When did personal taste mean so much about the value of a person, and why has it all become so adversarial? With social media, everyone has the platform to be a critic but perhaps not everyone should be. What I know about films is that it takes a lot of work to make one, and I am absolutely no one to dismiss or belittle someone’s effort. I also know what I like – and you may not agree, and I’m totally cool with the fact that you might not like it, but I’m still going to go ahead and like it anyway. Policing people’s taste is both counter-productive and futile, but a large section of the internet seems to have appointed themselves arbiters of taste for the rest of us.
I think this is primarily a male preserve, and has its roots in deciding what is serious art and what isn’t. It’s largely aimed at dismissing anything by women and minorities under a spurious cloud of pseudo-intellectual buzzwords. It’s relevant to me because it can be seen in various forms in the world of books, too. The segregation of mass market and literary fiction is one example. The idea that women write confessional poetry and men write universal truths is another. What these received opinions transmit is that someone else knows better than you what is universal, what you should like, what art is and what artists should be creating.
Since we’ve got all the space in the world on the internet to share our opinions, isn’t it more powerful to share the things we love and just keep quiet about the things that we don’t like? Someone out there might like those things that we don’t and there’s no reason at all why we should spoil their enjoyment. One of the lovely things about poetry twitter is that often poems are shared with exclamations and you get the chance to make up your own mind what you think about it.

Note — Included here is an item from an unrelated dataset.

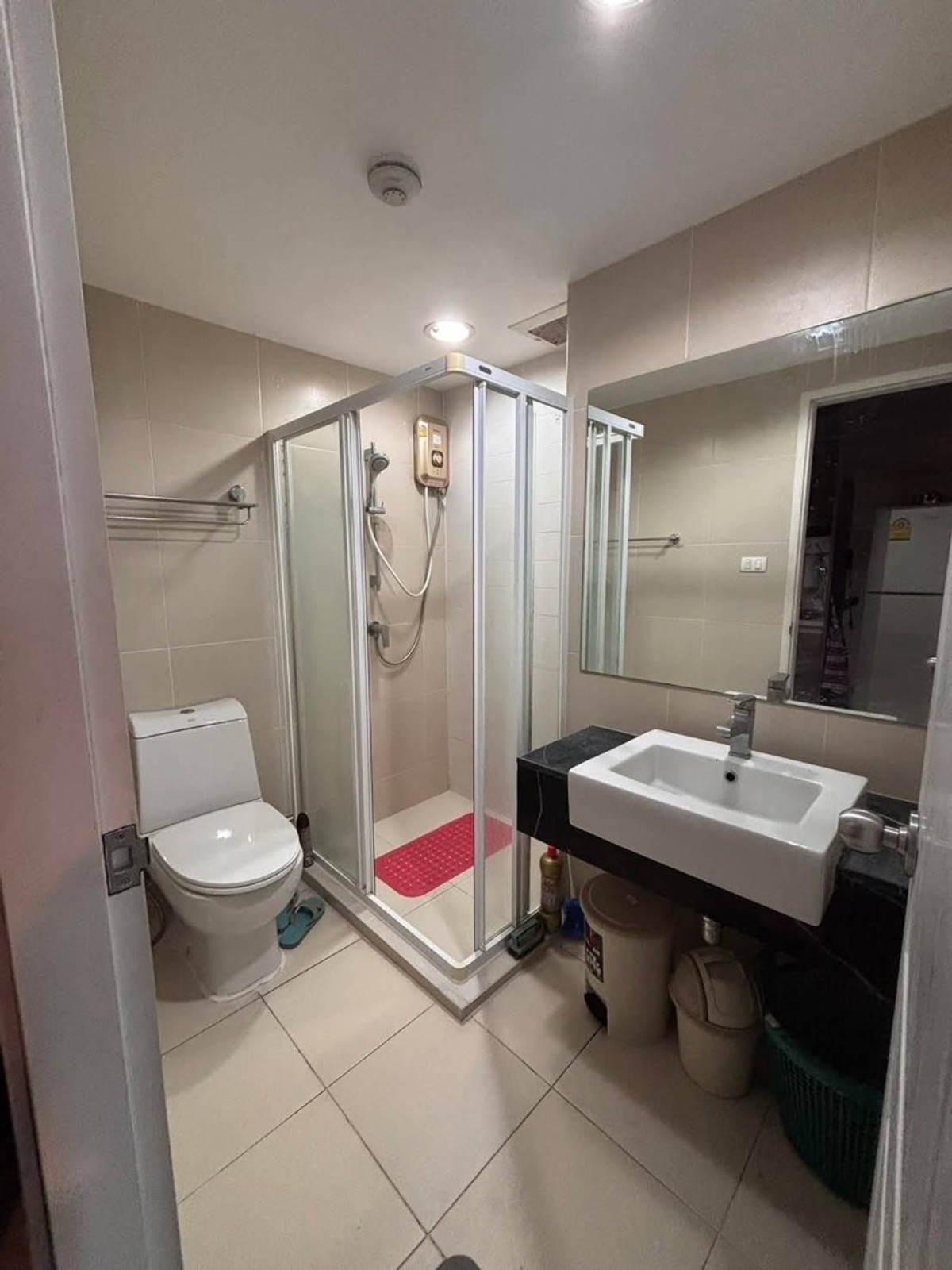 ให้เช่าคอนโดพระราม 9 เพชรบุรีตัดใหม่ RCA : ให้เช่าคอนโด Belle Grand Rama9 อาคาร  C ชั้น 18 วิวโล่ง ขนาด 47.64 ตร.ม. ราคา 23,000 บาท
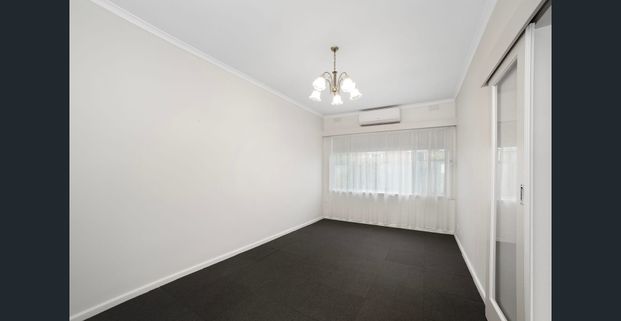 HIDDEN GEM IN THE HEART OF BENTLEIGH ! - Photo 1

I’m not saying we should never be critical, of course. If something is profoundly sexist, or racist, uses any harmful stereotypes or appropriates a different culture in a way that’s disrespectful, then that should be highlighted. I still think it could be done in a positive way – suggesting related alternatives with a more authentic presentation, perhaps, or opportunities to broaden people’s horizons. People may still like the problematic thing, but that’s OK, too. They might also learn something and broaden their horizons. Ultimately, everyone likes problematic things.
The reason I get annoyed about this is because, well first of all, it is annoying. Secondly, it adds no value to the world other than to perpetuate the idea that people are the sum of their tastes. I really think that clearing the internet of some of the snobbish nonsense written in these online reviews is the first step to allowing more positivity in, and to letting go of this idea that your taste defines who you are, or that your preferences must be defended from some lofty faux-intellectual perspective.
Now if you’ll excuse me, I’d better go and write that treatise on why Jason Statham movies are the modern-day equivalent of Elizabethan revenge tragedies.